As climate control technology continues to advance, those responsible for the design and operation of these systems must keep them as environmentally friendly as possible. Energy efficient cooling and heating systems not only conserve natural resources, they also minimize monthly utility costs for warehouses, distribution centers and other commercial buildings.
Passive heating is a process that uses sunlight to warm up a building. Rays of sunlight that beam down on a roof can be transferred into solar energy, which is then converted into warm air and circulated throughout a space for heat. Used properly, HVLS fans can be a critical component in a passive heating setup.
How Passive Heating Works
According to the National Institute of Building Sciences, solar heating strategies work best in small post exchange facilities (less than 10,000 square feet), warehouses, and maintenance facilities. The basic process of passive heating is as follows:
1. During the day, the sun consistently beats down on a building.

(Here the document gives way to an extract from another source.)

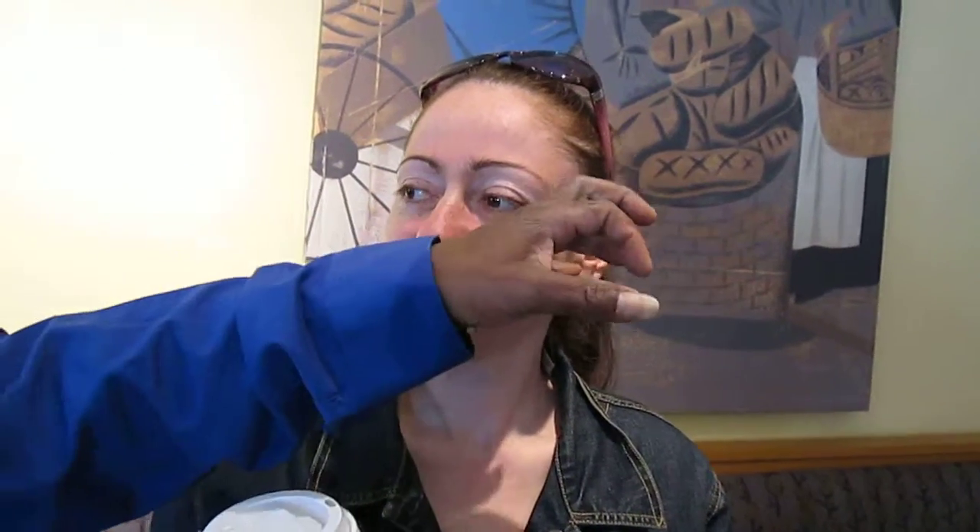That's because she has the product on that side still. Yeah. You can see the difference between the two. The rough side is where the product is, because that's why it feels like the product is on. Exactly.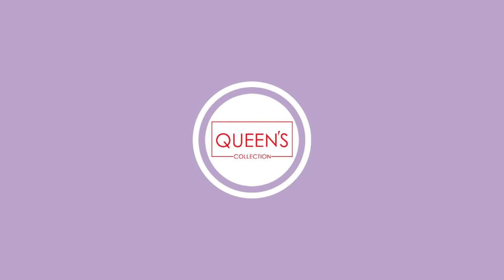Hi friends! Welcome to Queen's Collection. I am a fashion destination. It is a very festive season. We have got a lot of cotton in ethnic wear.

2. Solar energy from the sun is collected through windows and in parts of a building called “thermal mass.” Thermal mass is defined as materials in the building that tend to collect heat, like concrete, brick, etc.
3. The collected solar energy is distributed back down into a space through convection.
According to the Whole Building Design Guide, even a modest amount of passive solar heating can reduce auxiliary heating requirements as much as 25%. Because of their ability to distribute a large amount of air, HVLS fans can be very effective in the third step of the passive heating process.
HVLS Fans Spread Solar Warmth in a Facility
One of the challenges of passive heating is circulating warm air effectively. Since warm air is not as dense as cooler air, it tends to rise up and stay at the ceiling on top of cold air closer to ground level. This effect, known as heat stratification, explains why buildings with lots of heat from solar energy or conventional HVAC systems (or both) sometimes still feel cold.
HVLS fans can counteract stratification and distribute heat by running in reverse. Instead of pushing air downwards as the fan normally would, an HVLS fan running in reverse pulls cold air up, which displaces warm air and sends it down to the building’s ground level. This is especially important in facilities that use passive heating, since much of the solar energy that enters a building comes in through the ceiling. If there is no method of distributing the energy down to the rest of the space, passive heating won’t be as effective.
With the right building design and materials, you don’t need to crank your heat up to high levels to keep a building warm. Passive heating takes advantage of natural solar energy that enters your space. To maximize the success of your passive heating, consult with a solar specialist and choose a method of air distribution that can efficiently send warm air from your building’s ceiling down to the ground.